- [TASK DESCRIPTION]:
The material below holds pictures, which are to be left out; copy exactly the lines from the one with "Mae Slingback Sandals" through the one with "S3003 Batería Bosch".

- [LISTED RECORDS]:

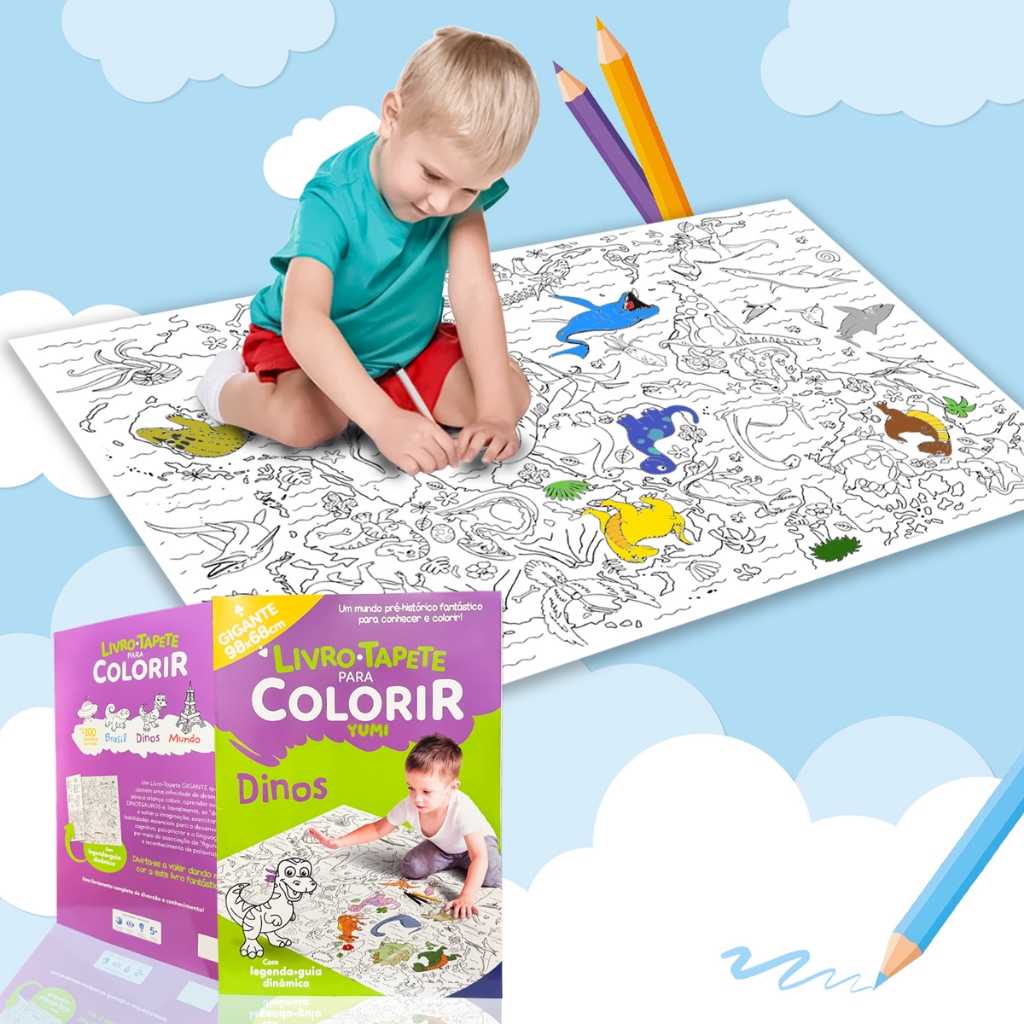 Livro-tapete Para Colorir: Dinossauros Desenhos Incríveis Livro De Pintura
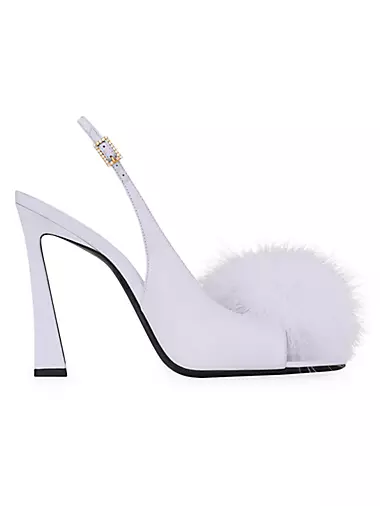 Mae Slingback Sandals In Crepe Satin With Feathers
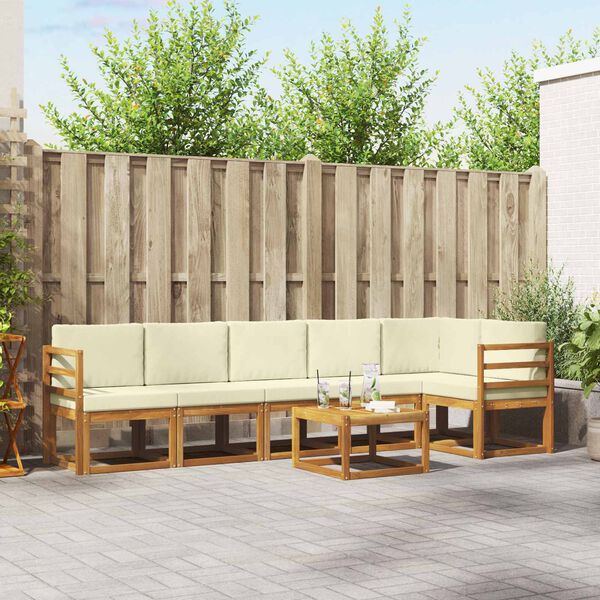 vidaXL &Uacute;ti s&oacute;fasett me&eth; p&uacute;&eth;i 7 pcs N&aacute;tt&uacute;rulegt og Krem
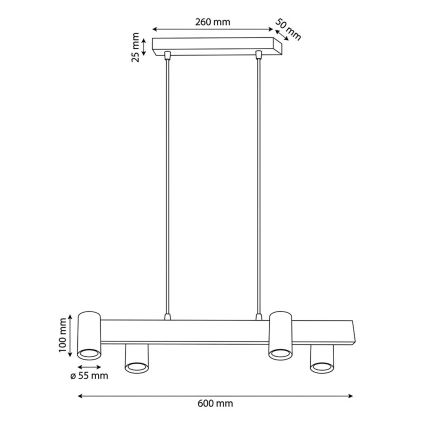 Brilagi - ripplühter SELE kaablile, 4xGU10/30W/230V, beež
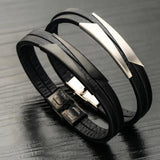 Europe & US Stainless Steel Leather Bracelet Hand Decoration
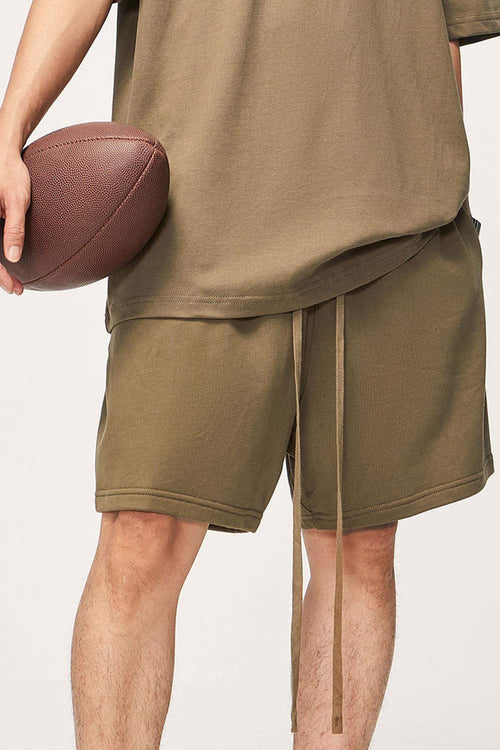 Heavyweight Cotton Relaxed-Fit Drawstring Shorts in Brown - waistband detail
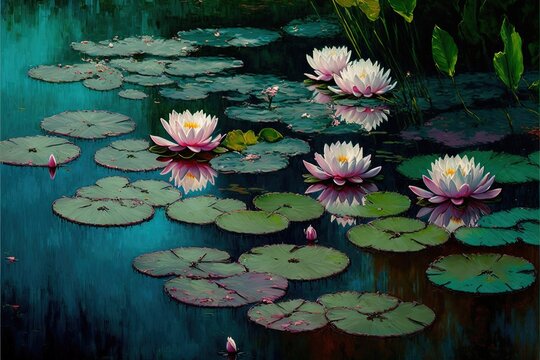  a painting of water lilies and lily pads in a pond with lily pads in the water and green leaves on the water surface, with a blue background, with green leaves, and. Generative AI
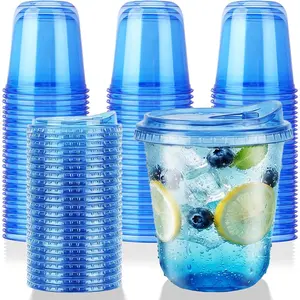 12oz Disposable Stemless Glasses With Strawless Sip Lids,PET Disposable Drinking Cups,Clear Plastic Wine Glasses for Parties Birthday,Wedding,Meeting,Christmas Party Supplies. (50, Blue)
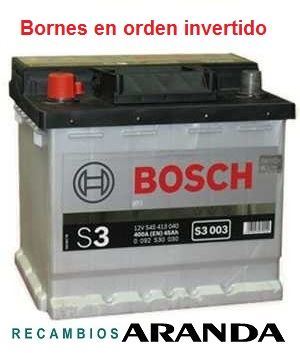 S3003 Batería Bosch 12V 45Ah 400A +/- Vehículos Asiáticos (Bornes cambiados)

---

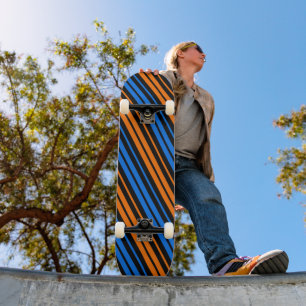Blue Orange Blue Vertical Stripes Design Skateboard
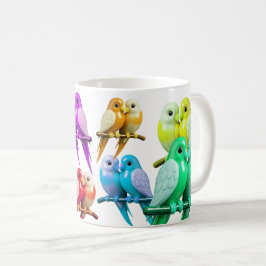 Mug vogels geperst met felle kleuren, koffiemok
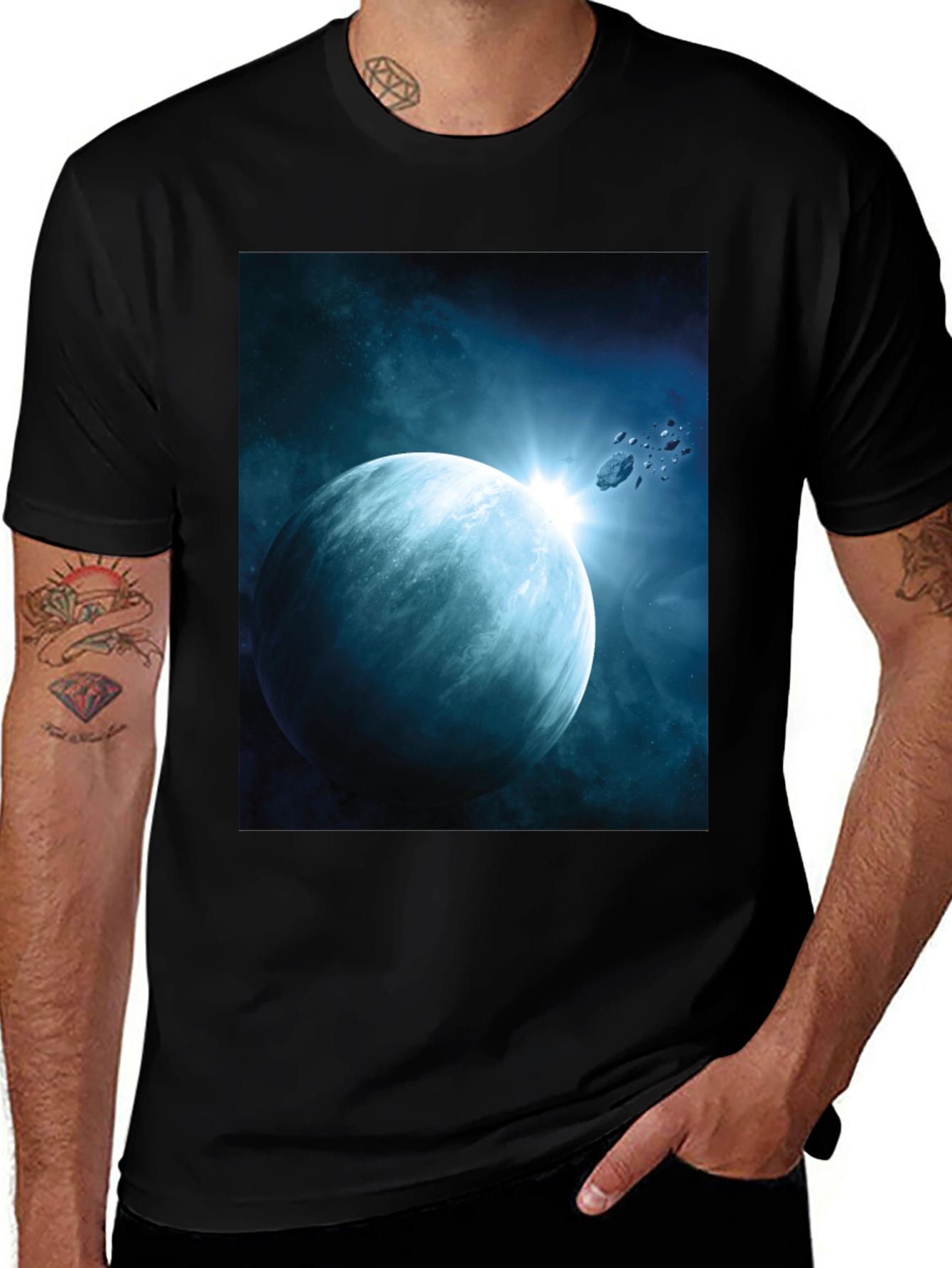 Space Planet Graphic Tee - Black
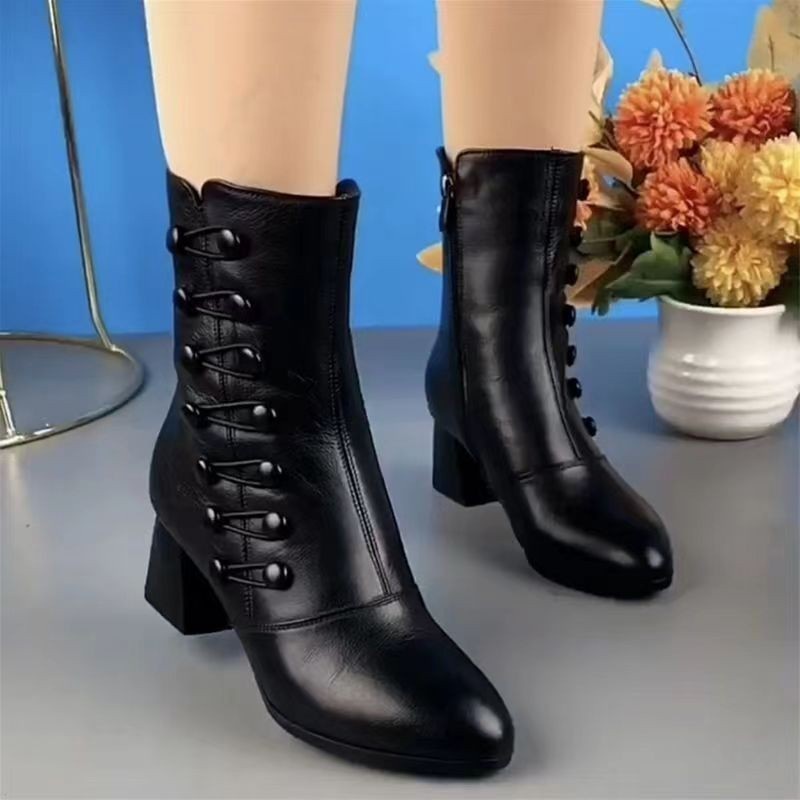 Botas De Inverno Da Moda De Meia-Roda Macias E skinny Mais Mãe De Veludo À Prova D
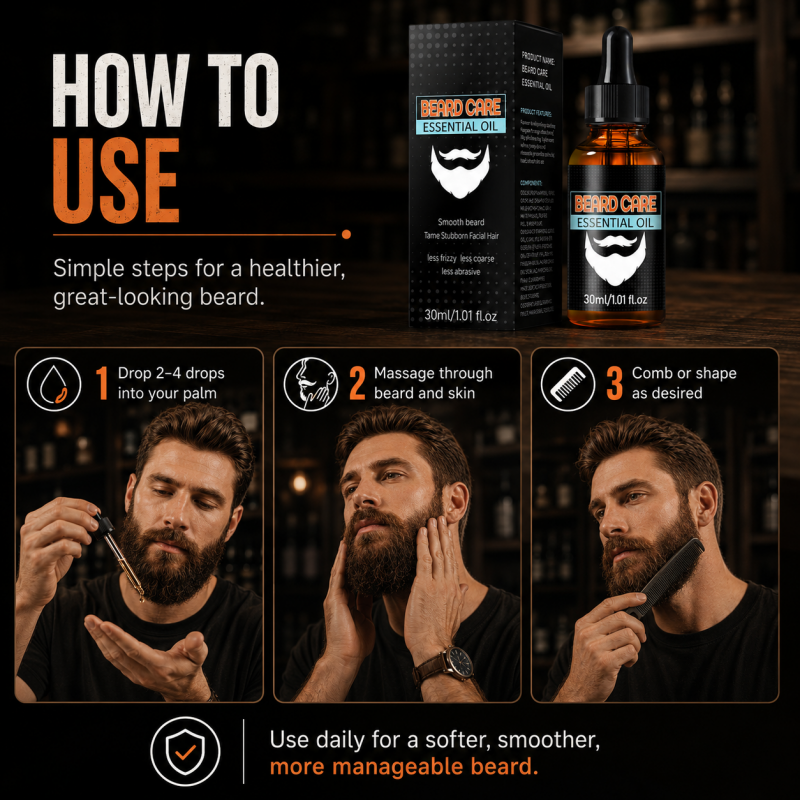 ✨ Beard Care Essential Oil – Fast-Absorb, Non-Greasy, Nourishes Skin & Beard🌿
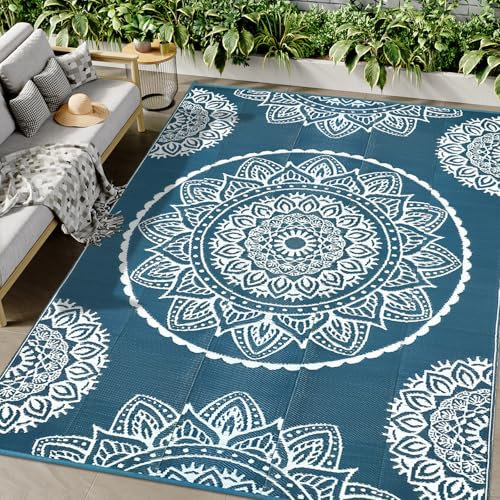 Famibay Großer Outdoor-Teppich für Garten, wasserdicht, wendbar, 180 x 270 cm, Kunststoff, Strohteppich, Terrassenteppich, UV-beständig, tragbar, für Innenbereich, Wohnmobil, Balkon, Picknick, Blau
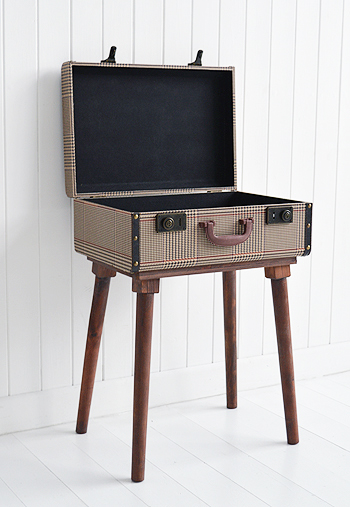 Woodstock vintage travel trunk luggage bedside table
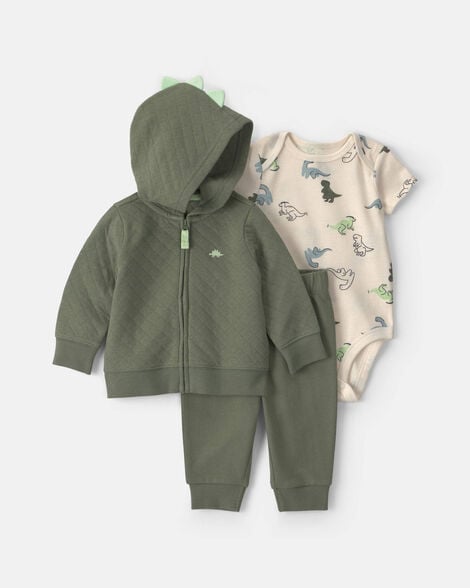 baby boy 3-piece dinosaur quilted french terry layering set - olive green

==

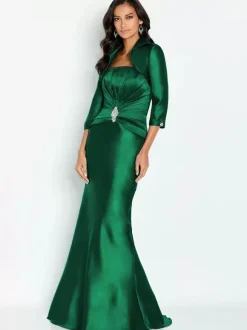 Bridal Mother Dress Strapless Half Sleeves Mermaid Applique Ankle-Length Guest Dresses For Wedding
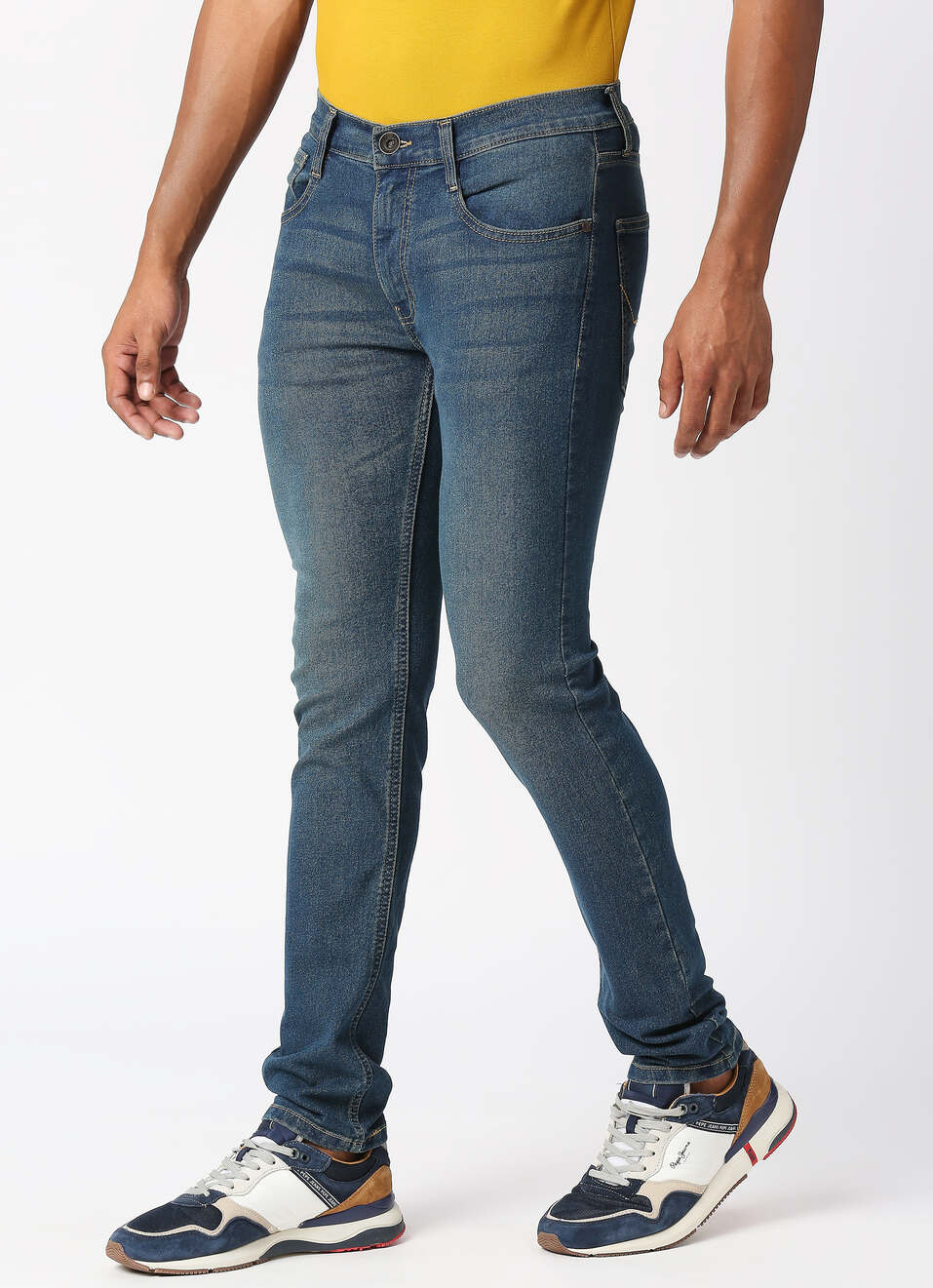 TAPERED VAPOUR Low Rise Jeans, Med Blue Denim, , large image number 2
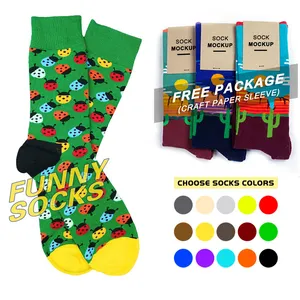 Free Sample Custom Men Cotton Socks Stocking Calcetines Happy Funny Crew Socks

- [TASK SOLUTION]:
 Mae Slingback Sandals In Crepe Satin With Feathers
 vidaXL &Uacute;ti s&oacute;fasett me&eth; p&uacute;&eth;i 7 pcs N&aacute;tt&uacute;rulegt og Krem
 Brilagi - ripplühter SELE kaablile, 4xGU10/30W/230V, beež
 Europe & US Stainless Steel Leather Bracelet Hand Decoration
 Heavyweight Cotton Relaxed-Fit Drawstring Shorts in Brown - waistband detail
  a painting of water lilies and lily pads in a pond with lily pads in the water and green leaves on the water surface, with a blue background, with green leaves, and. Generative AI
 12oz Disposable Stemless Glasses With Strawless Sip Lids,PET Disposable Drinking Cups,Clear Plastic Wine Glasses for Parties Birthday,Wedding,Meeting,Christmas Party Supplies. (50, Blue)
 S3003 Batería Bosch 12V 45Ah 400A +/- Vehículos Asiáticos (Bornes cambiados)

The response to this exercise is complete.